1)Warmth of the tropics. I’m not talking jacket warm, I’m looking for sweaty warm on a sunny afternoon.
2) White sandy beaches. I don’t really care if the sand is white, red or black, but white sounds better.
3) World Class Fishing. Fishing for what? I don’t really care other than the bigger, the better and if they happen to be tasty, that’s an additional plus.
4) Cold Margaritas, (good food, plenty of choices - but cold Margaritas are very important.)
5) Affordable prices. This one is tough since you have to factor travel expense, accommodations, food and fishing.
6) Small town atmosphere. This may not make everyone’s list, but I choose to live in the boonies and heading for a city (even one with the above 5 attributes) for a vacation isn’t high on my list.

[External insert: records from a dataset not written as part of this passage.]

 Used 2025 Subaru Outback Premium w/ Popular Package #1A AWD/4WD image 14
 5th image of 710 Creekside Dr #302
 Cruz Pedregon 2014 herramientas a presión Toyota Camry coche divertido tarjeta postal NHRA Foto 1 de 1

In February, I found a perfect-six at the Isla Mujeres (Isle of Women) which is about 6 miles off the coast of Cancun, Mexico. Cancun is in the Tropics. That’s why it’s become a popular winter retreat for millions of people.  Isla Mujeres is small town. I loved it.
Isla Mujeres features white sandy beaches on one side and rocky, California-like beaches on the other. Both sides have numerous restaurants and stop-over points where cold Margaritas are dispensed. And there’s never a line. Okay, maybe by the ferry boat docks it might take a minute to get a cervesa-frio, but elsewhere, a cold drink and warm welcome is instantaneous.
One of the reasons Mexico has become a popular tourism spot is affordability. Cancun is huge and offers lots of flight options. The ferry costs 12 bucks round trip. On the island a taxi can take you from one end to the other and back for $3 - if you feel the need to travel.
And the fishing is good. I hired Capt. Jorge Mostalac ( for 4 days for what a comparable experience state-side would cost for a day.
A perfect-six? Absolutely!


Saturday, March 9, 2013


     It’s hard to look at a snow covered landscape and think spring is anywhere near. But yesterday made me confident. Though the temperature only climbed to around 40 degrees, with little wind and almost zero clouds against the blue, it was easy to feel the warmth of the early March sun. 
I didn’t look for robins, it wasn’t sandhill cranes flying like last week. I spent the afternoon in the “sunroom” on my pole building repairing, oiling and respooling my fishing reels. Just outside the solar heated ell, I checked for (and found) thousands of “snow fleas,” the little insects that are one of the a surest signs of spring. In the world of entomologists, they are known as Achorutes nivicola; to others they are springtails, but when they emerge to play on the surface of melting snowdrifts, it’s easy to understand their snow flea moniker. 
        They are not even distantly related to real fleas and with a magnifying glass, they don’t look much like a flea, either. They don’t climb on dogs, cats or people. I’m told they feed mostly on decaying vegetation and fungi. But when you walk outside and spot what looks like energetic flakes of pepper frolicking on remnant snow, it’s snow fleas. 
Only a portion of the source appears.